Медичи. Гвельфы и гибеллины. Стюарты | страница 21
Две недели длились расправы, сначала казнили живых, потом — мертвых: семьдесят человек были в клочья разорваны чернью, которая затем волочила их по улицам. Тело Якопо деи Пацци, погребенное в родовом склепе, было извлечено оттуда, ибо покойного обвинили в богохульстве: один из его палачей утверждал, будто он слышал, как тот в момент казни проклинал имя Господне; затем это тело зарыли в неосвященной земле у городской стены, однако новая могила смогла защитить его ничуть не лучше, чем первая: мальчишки вытащили из земли и без того уже обезображенный труп, долго волочили его по всем улицам и сточным канавам Флоренции, а затем бросили в воды Арно.
Дело в том, что чернь везде одинакова, независимо от того, мстит она за поруганную свободу или за оскорбленных королей, вышвыривает в окно Паоло Фарнезе или пожирает сердце маршала д'Анкра.
Между тем, немного придя в себя, Лоренцо вспомнил о той женщине, которую он в какой-то миг видел стоявшей на коленях у тела его брата. Он приказал найти ее, но предпринятые поиски долгое время оставались безуспешными, настолько она замкнулась в своем горе.

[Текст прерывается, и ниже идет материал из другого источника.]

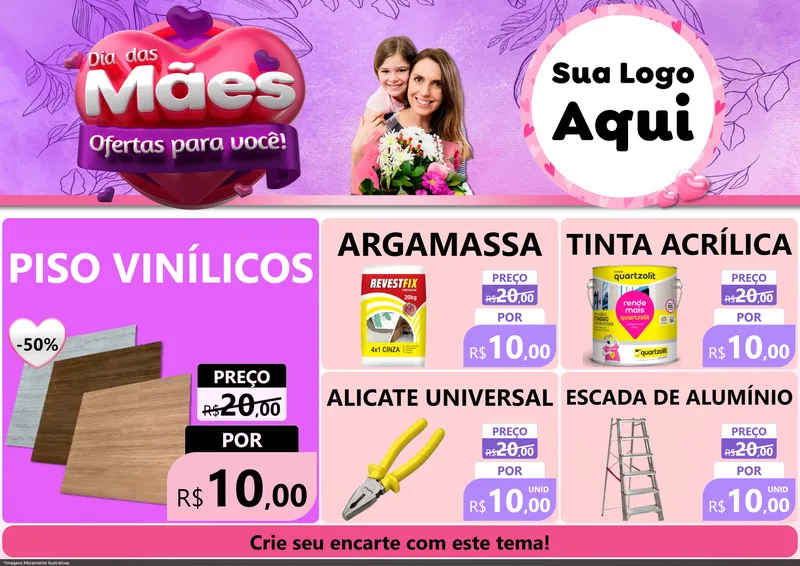 Modelo de Encarte para Encarte A4 Horizontal com o tema Dia das Mães Ofertas para Você! para Material para Construção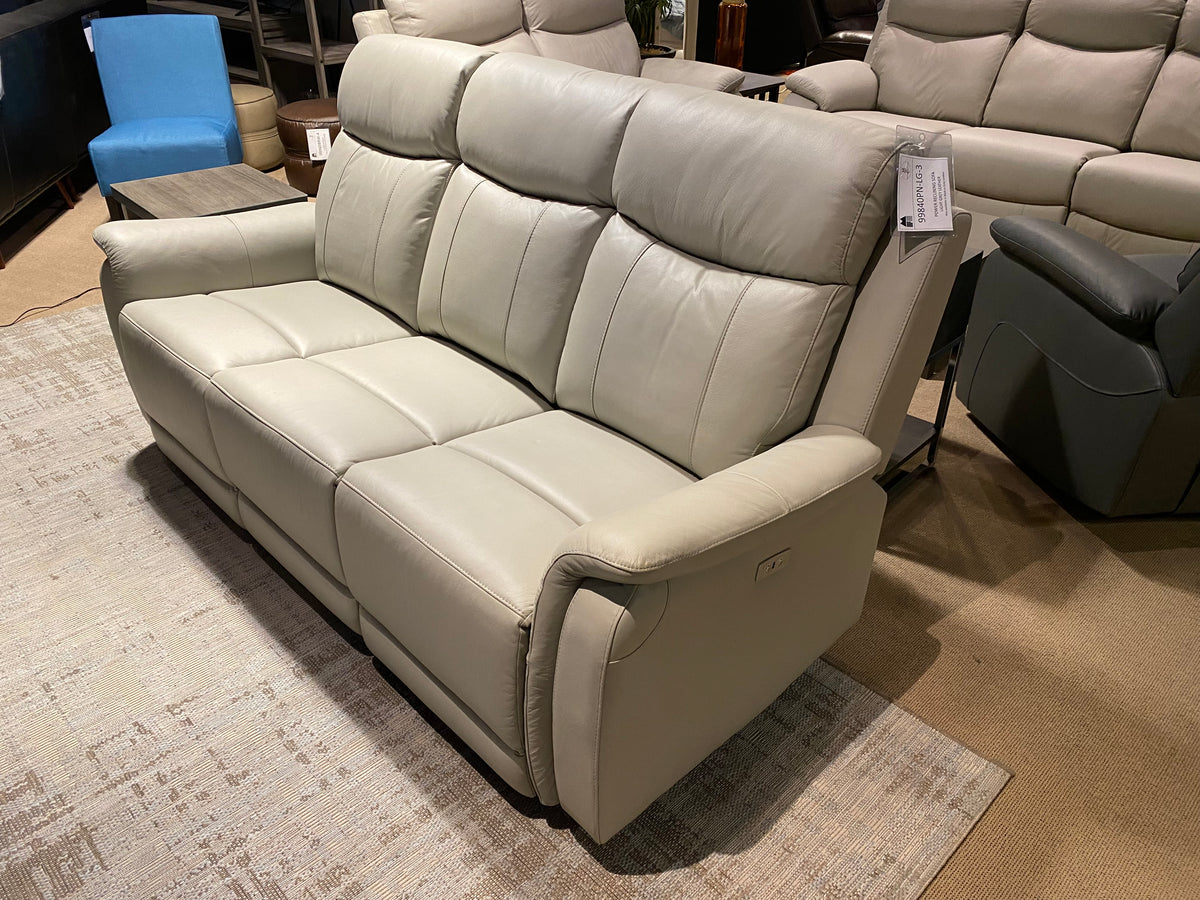 Model 99840PN leather power recliner and sofa set in a light color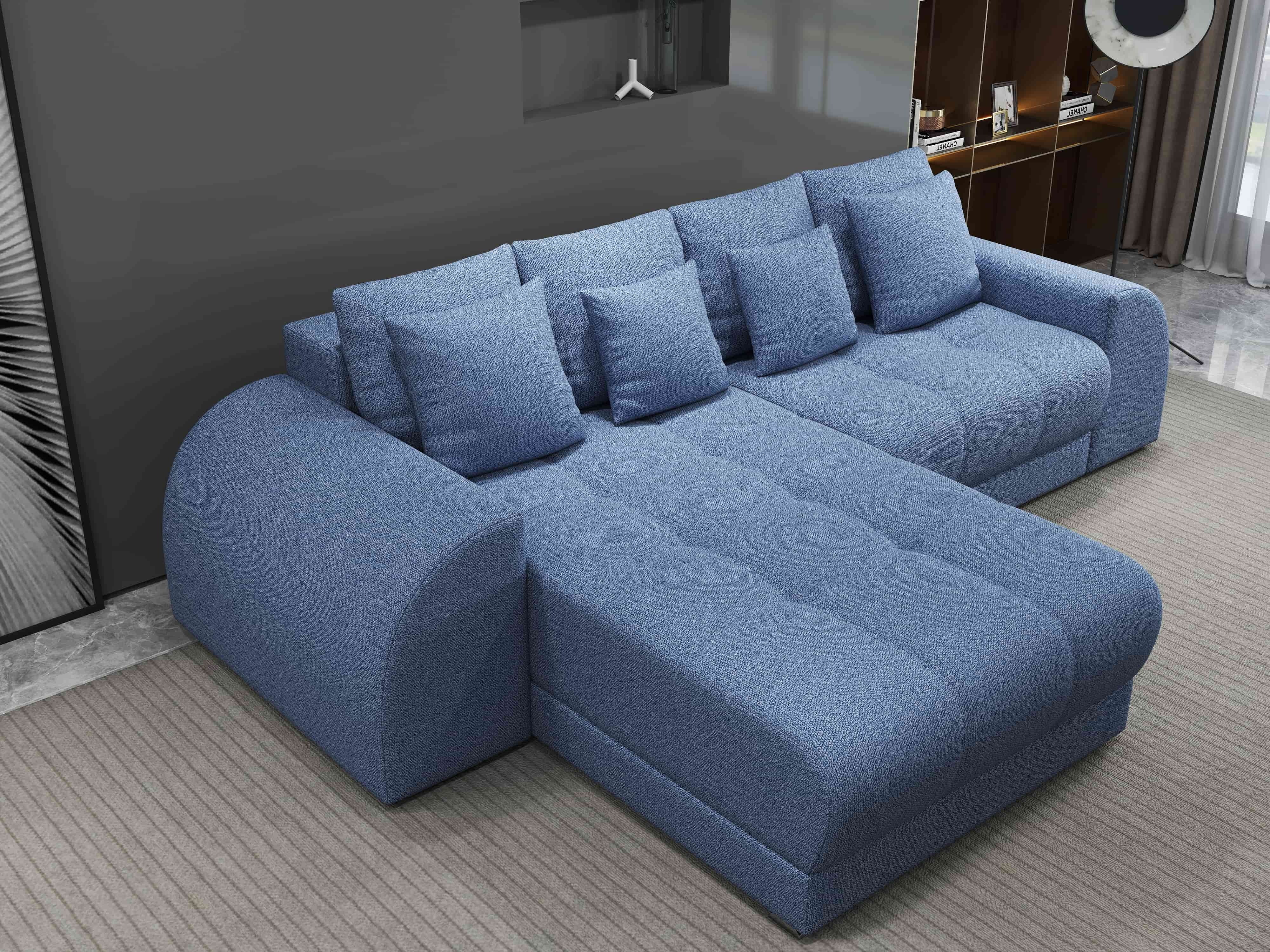 Colțar extensibil dumonde cu ladă de depozitare si sezut confortabil din spuma HR, Verona Enjoy Albastru 290x185 cm Fabrica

Но в конечном счете ее нашли, и Лоренцо заявил, что он желает взять на себя заботу о ее сыне, которого она незадолго перед тем родила. Ребенок этот станет впоследствии папой Климентом VII.
Наконец, однажды утром, по прошествии не более чем двух лет после этой драмы, все увидели, что под одним из окон Барджелло раскачивается тело повешенного. То был труп Бернардо Бандини, который укрылся в Константинополе и которого султан Мехмед II выдал Лоренцо в знак своего желания сохранить мир с Флорентийской республикой.
Заговор Пацци стал единственной опасностью, которой лично подвергался Лоренцо за всю свою жизнь, и опасность эта сделала его еще любезнее народу; мир, подписанный им 5 марта 1480 года с королем Фердинандом Неаполитанским ознаменовал вершину его могущества, и потому, не тревожимый ни внутри Республики, ни извне, Лоренцо мог всецело предаваться своей склонности к искусствам и выказывать невиданную щедрость, с какой он вознаграждал их. Правда, будучи менее щепетильным, чем его дед, он мог, если денег недоставало в его личной кассе, без всяких колебаний заимствовать их из государственной казны, и прибегать к этой крайности ему приходилось особенно часто по возвращении из Неаполя. И действительно, его поездка скорее подобала королю, нежели простому гражданину; дело дошло до того, что, помимо расходов на экипажи и на сопровождавшую его свиту, а также на подарки, розданные им художникам и ученым, он предоставил к тому же тысячу флоринов на приданое девушкам из Апулии и Калабрии, вышедшим замуж во время его пребывания в Неаполе.